First and most important: Confine yourself to our issues. Of course you have opinions about other issues; we all do. But if you speak as an education advocate, talk about education and leave your other causes at home. As an educator, you know something about schools and students, and many people will value your observations on them. But you’re probably not an expert on life and choice, gun control, the death penalty, or health care, and people generally don’t value your opinions on those topics in the same way.
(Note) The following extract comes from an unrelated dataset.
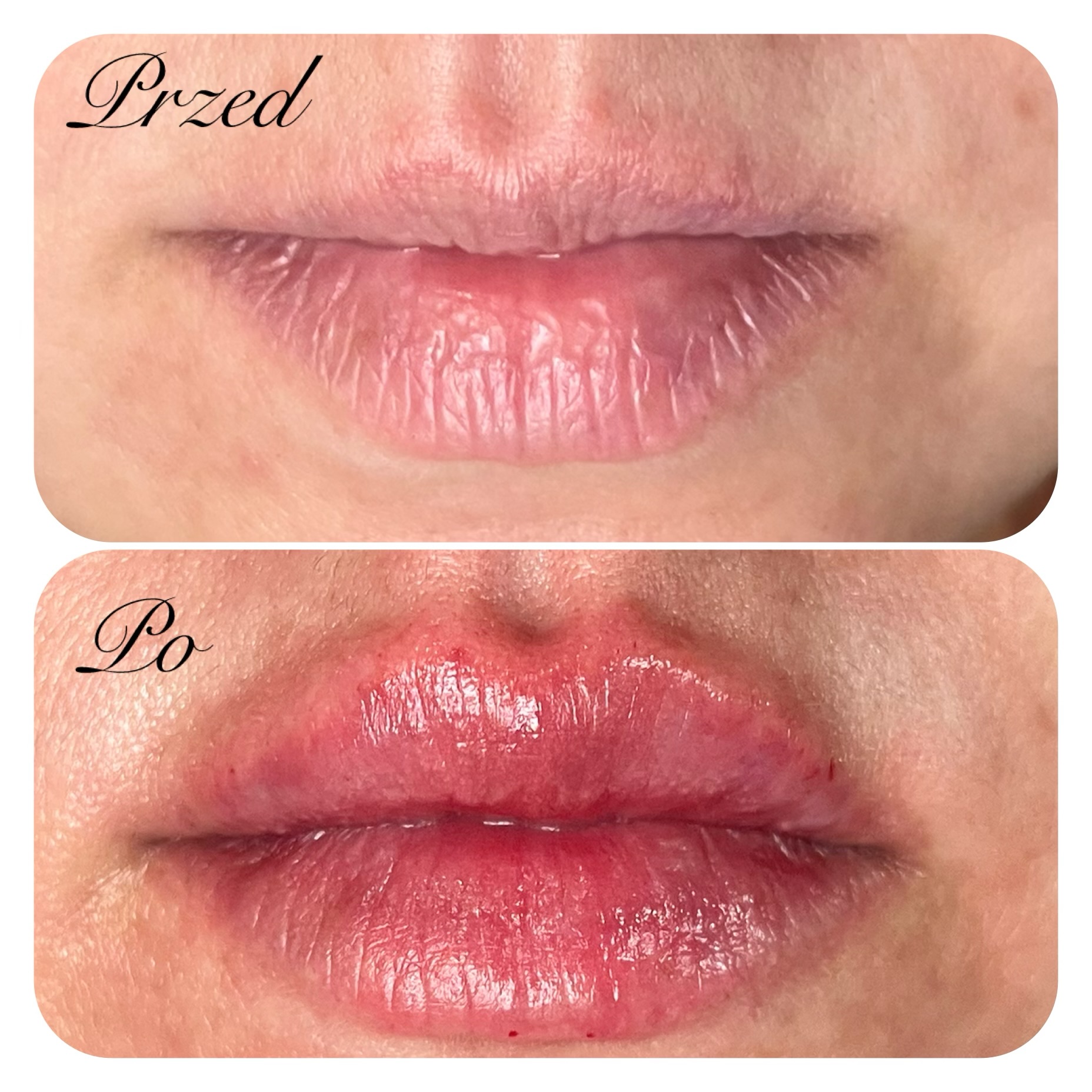 zabieg wykonała dr Agnieszka Nasiłowska-Paciorek. Powiększanie ust kwasem hialuronowym.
(A corollary to this principle: just because it’s provided by a government agency, don’t confuse public education with the government services enshrined in the liberal pantheon. Public schools aren’t some New Deal or Great Society program dreamed up by a liberal Democratic President; they were enshrined in the laws of the early colonies over 350 years ago and incorporated in the Articles of Confederation. The Ohio Constitution language calling for a “thorough and efficient system of common schools” is over 150 years old. When you incorporate public education into liberalism, you don’t gain any more support from liberals, and you lose the support of conservatives.)
Second: Stay within your experience. Chances are that you haven’t memorized every fact about the topic. Generalizations tend to sound like conjecture after a while. Talk about how the issue under discussion affects your work, especially your students and their families. You know those best, and if you’re honest you can’t make a mistake. Tell your stories.
Some fifteen years ago, I testified on tenure before the Ohio Senate. I chose to emphasize the impact that I thought a proposed weakening of contract protections would have on the discussions I had with my principal about my annual evaluations and on the academic climate within my school. Because I was talking about something I knew well from my own experience, I was on pretty solid ground through the encounter. And that proved to be a good thing: following my three-minute statement (which of course I had been able to craft carefully), the Senators grilled me for eighteen more minutes (which of course I couldn’t have prepared for). Staying within my own experience helped me to negotiate the traps some of them tried to set.
Third: Don’t overreact. You and I probably agree that whatever bill you’re opposing is clearly aimed at destroying our profession; but even the legislator who submitted it may not know that. Remember Hanlon’s Law: “Never attribute to malice that which can be adequately explained by stupidity.” He or she probably didn’t actually write it and almost certainly doesn’t know all its implications.
For all our sophistication, we have never devised a foolproof system for looking into a person’s soul. The person you’re dealing with believes in his or her position, even if it’s hard to believe that any right-minded person could do so. Even the best people are sometimes wrong. Their being wrong doesn’t make them less good, unless through pride, malice, or self-interest they cling to their error. But their being good doesn’t make them less wrong either, and if their facts or reasoning are faulty, you have every right to correct them, perhaps vehemently. As you do so, remember that intemperate language only gives our adversaries an excuse to discount what you have to say.
Without exaggeration, I will say that we are embarking on the legislative battle of a lifetime. We didn’t ask for it, but we can’t shrink from it. If you’re going to be a soldier in this battle, fight honorably, fight hard, and fight smart.